EPA Politics, Federal Courts and Chemical Safety

1. ENVIRONMENT

The Senate fails to pass Lisa
Murkowski’s resolution
of disapproval against the EPA.

CEI Expert Available
to Comment: Senior Fellow Marlo
Lewis
on why senators who focused on the oil spill during floor debate were
distracting
from the issue at hand.

“The vote on S.J.Res. 26 is not “about oil.” The
endangerment rule, which the Murkowski resolution would overturn, would
not create a single tool or authority that could have averted the BP oil spill.
It would not tighten a single petroleum industry safety standard or
improve a single emergency response program. It would not create a single
incentive that might have made BP more diligent in
implementing safety standards.”

 

2. LEGAL

The Senate Judiciary Committee approves
Obama’s nomination of Robert Chatigny to the federal bench despite Chatigny’s
questionable judgment on violent crime cases.

CEI Expert Available
to Comment: Senior Counsel Hans
Bader
on why the Judiciary Committee made a mistake.

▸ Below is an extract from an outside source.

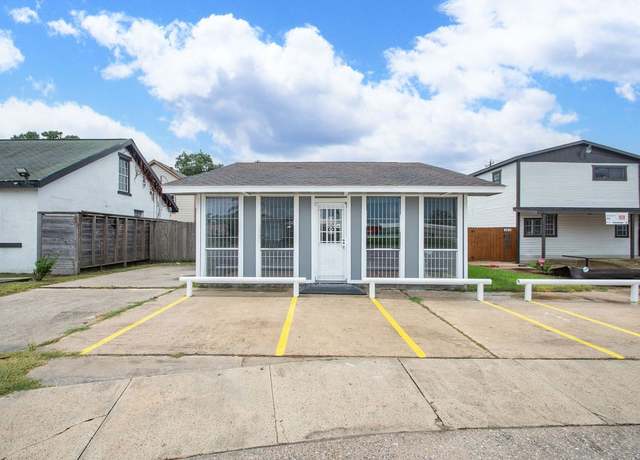 Property at 2809 Market St, Baytown, TX 77520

“The Judiciary Committee ignored objections from
victims-rights advocates like Edward Smart of the Surviving Parents Coalition,
who noted that Judge Chatigny had not just opposed the execution of ‘Roadside
Strangler’ Michael Ross, but also gone further, to question his very conviction,
based on silly reasons: ‘Judge Chatigny claimed Ross was incompetent to stand
trial based on the prison environment and Ross’s sexual sadism.’  This
sort of making excuses for dangerous criminals to overturn their convictions
(and potentially set them free) is extremely disturbing.”

 

3. HEALTH

Green activists are calling for bans on the use of bisphenol A
(or BPA)
, a chemical found in common plastics.

CEI Expert Available
to Comment: Warren Brooks Fellow Ryan
Young
on why anti-BPA hysteria is unfounded.

“There is a problem with this bed-wetting level of hysteria;
there hasn’t exactly been a rash of death and disease attributable to BPA. In
fact, breast cancer rates have actually been declining by 2 percent per year since
1999. The FDA notes that ‘current levels of exposure to BPA through food
packaging do not pose an immediate health risk.’”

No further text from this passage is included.